Sejak Kecil Sudah Pilih-Pilih Makanan
Saat masih kecil, Rivkah sudah pilih-pilih makan. Ketika sekeluarga pergi ke restoran misalnya, dia hanya akan makan nasi putih. Lalu ketika sudah agak besar, Rivkah mulai makan telur gulung. Selain itu, dia juga punya pengalaman traumatis terkait makanan.
Ketika berusia sekitar 6-7 tahun, Rivkah mengalami anemia dan ibunya menyiapkan olahan hati untuk bantu menyembuhkannya. Namun, Rivkah menolak. Lalu ayahnya menyuruhnya untuk makan. "Kami akan duduk di sini sampai kamu makan ini. Dan jika kamu tidak memankannya malam ini, Ayah akan menyajikannya untukmu buat sarapan. Dan makanannya akan dingin," kata ayahnya waktu itu. Pada akhirnya sang ayah berhenti memaksanya makan. Lalu, seiring waktu berjalan Rivkah semakin sering menolak makanan.
Pengidap ARFID Memilih Makanan yang Mereka Anggap Aman
Saat sudah menjadi seorang ibu, Rivkah mulai mencari-cari info tentang kondisinya yang masih saja pilih-pilih makanan. Mungkin jika yang memilih-milih makanan itu anak kecil masih bisa dimaklumi. Sampai beberapa tahun lalu, ia menemukan sebuah grup di Facebook untuk pemilih makanan. Dari situlah ia tahu bahwa kondisinya itu disebut ARFID.
Pengidap ARFID memilih makanan yang mereka anggap sebagai "makanan yang aman". Setiap pengidap ARFID punya daftar tersendiri terkait makanan aman tersebut. Bagi Rivkah, makanan yang ia anggap aman meliputi pizza, pasta, dan kentang tutih atau makanan padat kalori seperti kacang-kacangan. Selain itu, dia bisa makan dada ayam tapi tidak untuk bagian sayap, kaki, atau pahanya. Dia bisa makan paprika kuning dan paprika oranye, tapi tidak untuk paprika merah. Dan masih ada banyak lagi.
Rivkah tak bisa memastikan standar makanan yang ia anggap aman atau tidak. Dia hanya bisa mengenalinya setelah ia melihat makanan itu dan memperhatikan reaksi tubuhnya. Salah satu hal tersulit yang ia hadapi karena gangguannya itu adalah ketika ia mendapat undangan makan. Rasanya agak tidak nyaman ketika orang-orang mengomentari kecenderungannya hanya bisa makan makanan tertentu.

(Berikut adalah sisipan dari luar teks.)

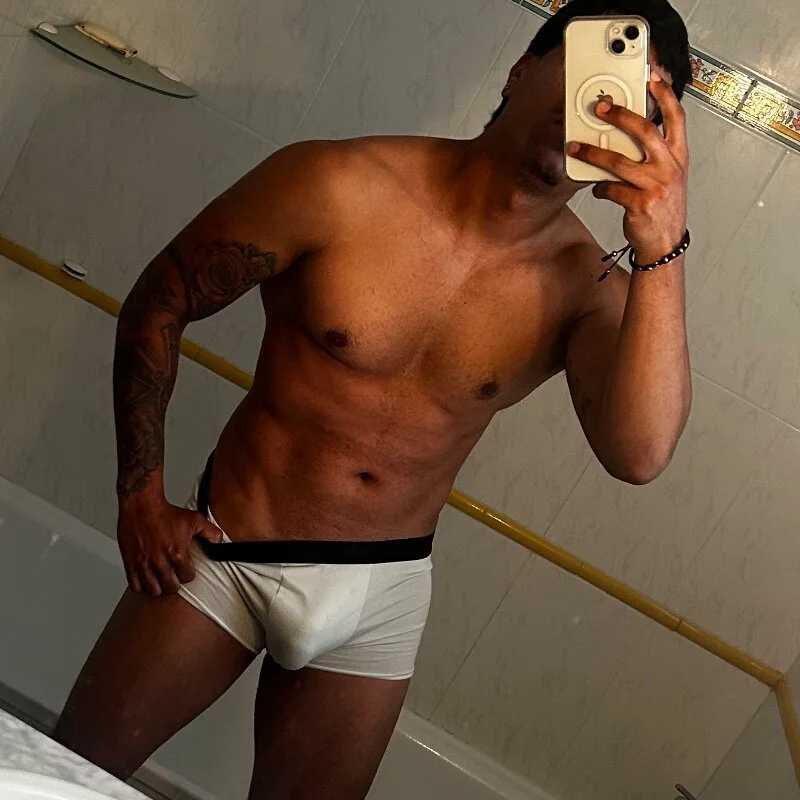 LatinBlack19 — FansOnlyX creator profile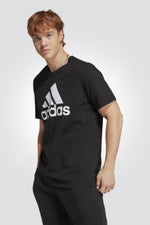 ADIDAS - טישירט קצרה ESSENTIALS בצבע שחור - MASHBIR//365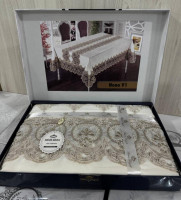 Скатерть льняная с кружевом Maison Royale Nona V1 160x220 см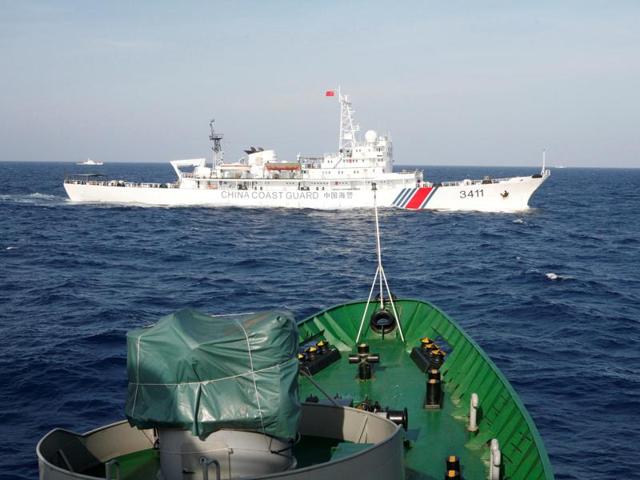 A ship (top) of the Chinese Coast Guard is seen near a ship of the Vietnam Marine Guard in the South China Sea, about 210km (130 miles) off shore of Vietnam. (Reuters File Photo) A ship (top) of the Chinese Coast Guard is seen near a ship of the Vietnam Marine Guard in the South China Sea, about 210km (130 miles) off shore of Vietnam. (Reuters File Photo)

"Meski aku tidak tahu bagaimanan dan kenapa fobia makanan ini aku alami, ada beberapa hal yang aku tahu. ARFID lebih dari sekadar pilih-pilih makanan biasa. Dan sebagain besar pengidap ARFID tak bisa mengatasinya," jelasnya.

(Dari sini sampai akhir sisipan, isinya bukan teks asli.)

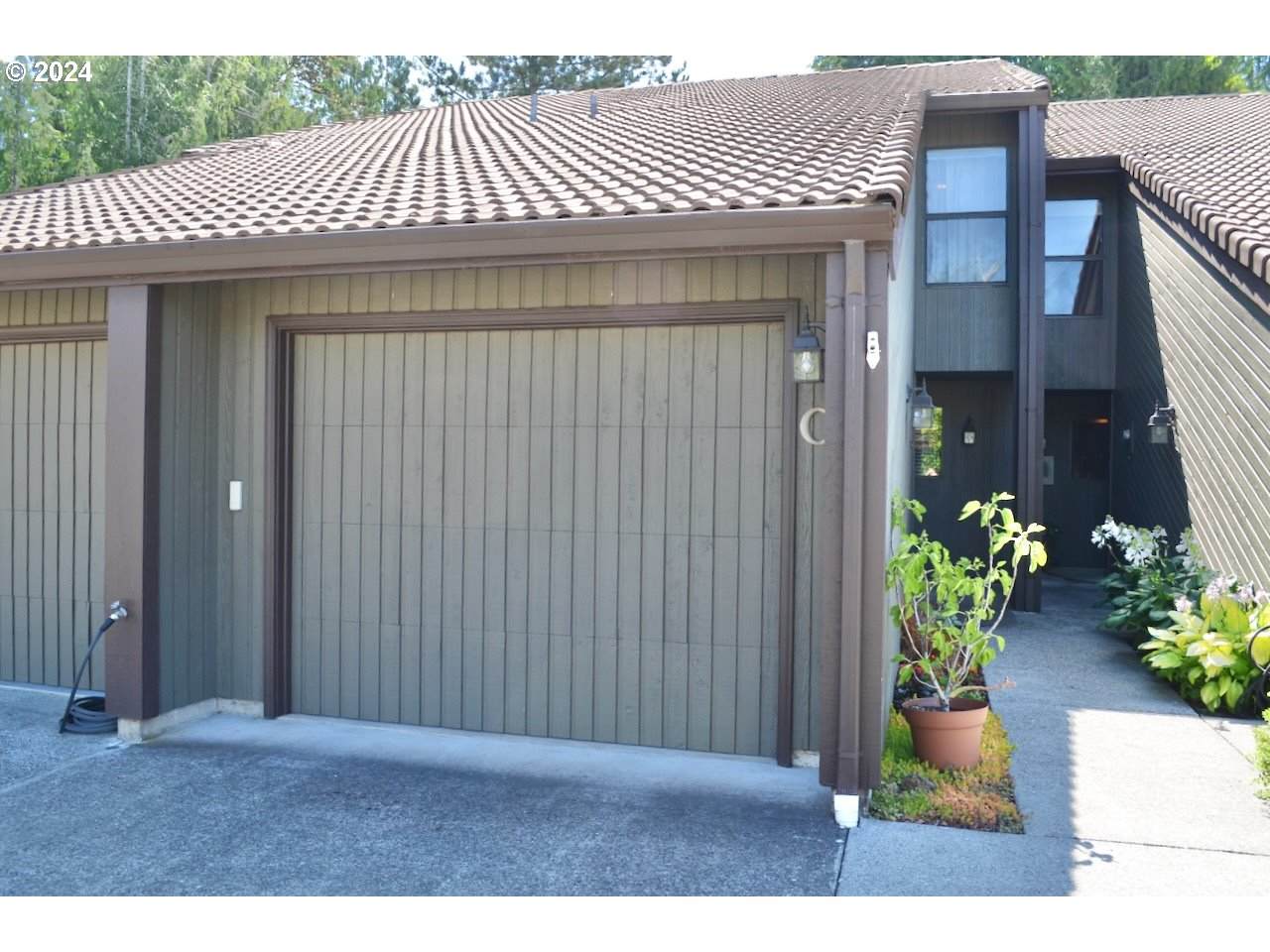 13846 10TH Ct - Photo 1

Rivkah merasa kelompok dukungan yang ia ikuti sangat membantu. "Aku sekarang tahu ada pengobatan hipnoterapi klinis yang dilaporkan sangat berhasil untuk orang dewasa sepertiku. Pengobatan itu adalah sebuah investasi. Aku belum mencobanya dan tidak mengesampingkannya. Bisa jadi ke depannya aku bisa mencoba sushi," papar Rivkah.